Spazio fiscale maggiormente integrato, debito comune, finanziamenti mirati, ma commisurati alla dimensione epocale delle nuove sfide: questi gli strumenti che verranno tradotti in politiche concrete da mettere in atto. Mentre gli ambiti di intervento più urgenti sono: una politica industriale comune, meno dipendente dalle catene di approvvigionamento esterne, spinta all’innovazione, transizione digitale e green, da accompagnare con decisione sul mercato, ma senza smarrire la bussola del lavoro e delle garanzie occupazionali. In un mercato in evoluzione, (…) per Draghi è da considerare “non-negoziabile” il livello di protezione sociale e di capacità di redistribuzione economica del modello europeo. In uno dei suoi discorsi degli ultimi mesi aveva esplicitamente elogiato il modello svedese proprio per la sua capacità di combinare innovazione tecnologica, produttività e una forte protezione dei diritti sociali”, continua il giornale.

“Tre i punti sui quali il rapporto Draghi suggerirà all’Europa di insistere. Il primo: la necessità di sfruttare le economie di scala, in contrapposizione con la concorrenza interna che spesso finiscono per farsi gli Stati membri. Un discorso che secondo l’ex premier vale soprattutto per la Difesa, dove è necessario adottare sistemi sempre più integrati, ma anche nel campo delle telecomunicazioni e in quello farmaceutico. Il secondo: l’individuazione dei beni comuni (secondo Draghi l’energia è tra quelli che meritano maggiore attenzione) e la necessità di trovare adeguate fonti di finanziamento per i relativi investimenti.

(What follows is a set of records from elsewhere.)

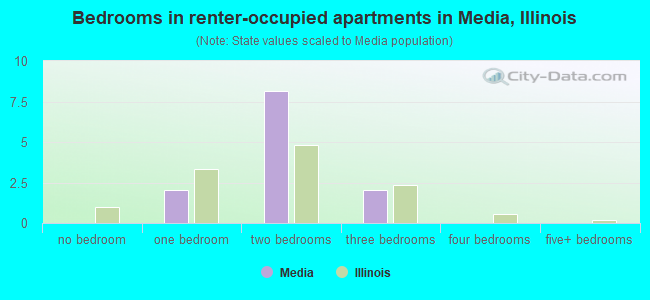 Bedrooms in renter-occupied apartments in Media, Illinois
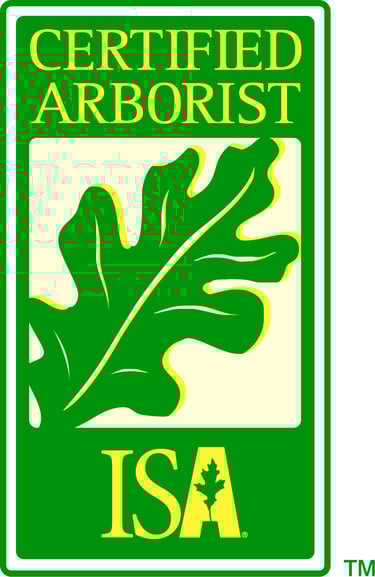 Joutras Tree Care ISA certified arborist
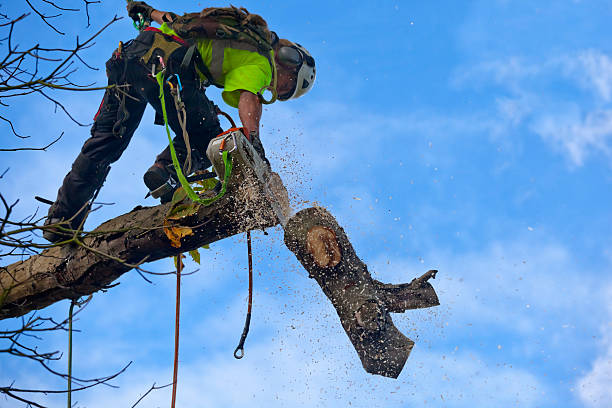 Best Utility Line Clearance  in Hilltop, MN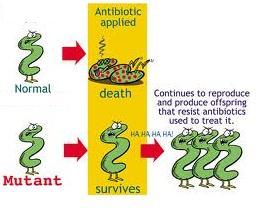 Drug or antimicrobial agent kills susceptible microbes easily. 2.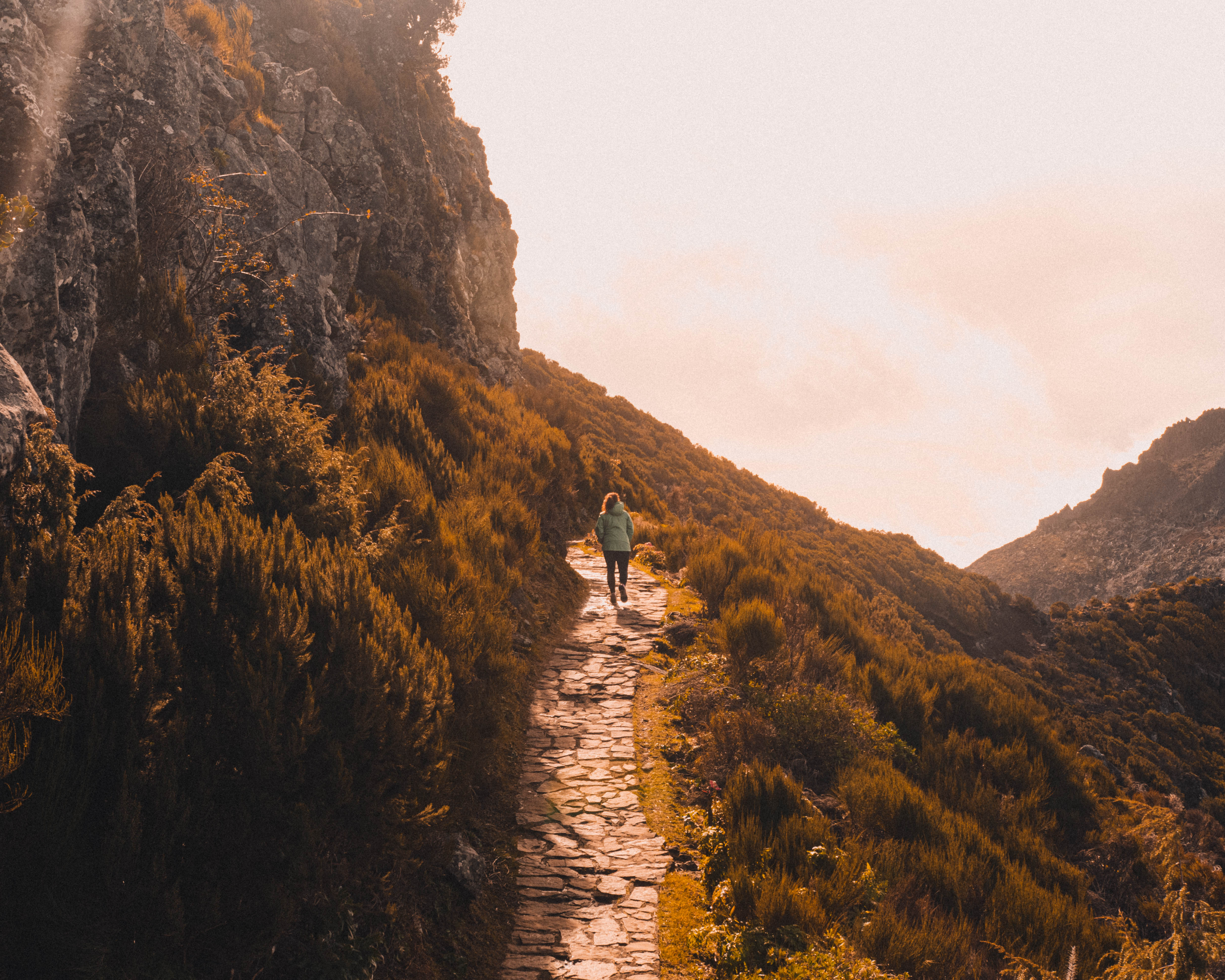 Hiker ascending cobblestone trail flanked by golden highland shrubs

Draghi non nasconde la sua preferenza per gli strumenti di debito comune, ma riconosce che la maggior parte degli investimenti dovrà arrivare dal privato e dunque bisogna accelerare con l’unione dei mercati di capitali. E infine c’è l’esigenza di garantire l’approvvigionamento di materie prime critiche, il che passerà anche da una rivisitazione delle relazioni commerciali con alcuni Paesi terzi e dalle nuove dinamiche geopolitiche. (…) È evidente che il grande cambiamento sollecitato da questo studio, Draghi lo intende realizzabile solo attraverso un serio ripensamento del senso dell’Europa, della sua leadership e della sua governance. Cioè, la domanda da farsi è: l’attuale assetto delle istituzioni comunitarie è in grado di reggere la sfida della competitività globale, in uno scenario geopolitico mutato che rischia di schiacciare l’Ue? Commissione, Consiglio e Parlamento dovranno prendersi carico degli obiettivi non più rinviabili”, continua il giornale.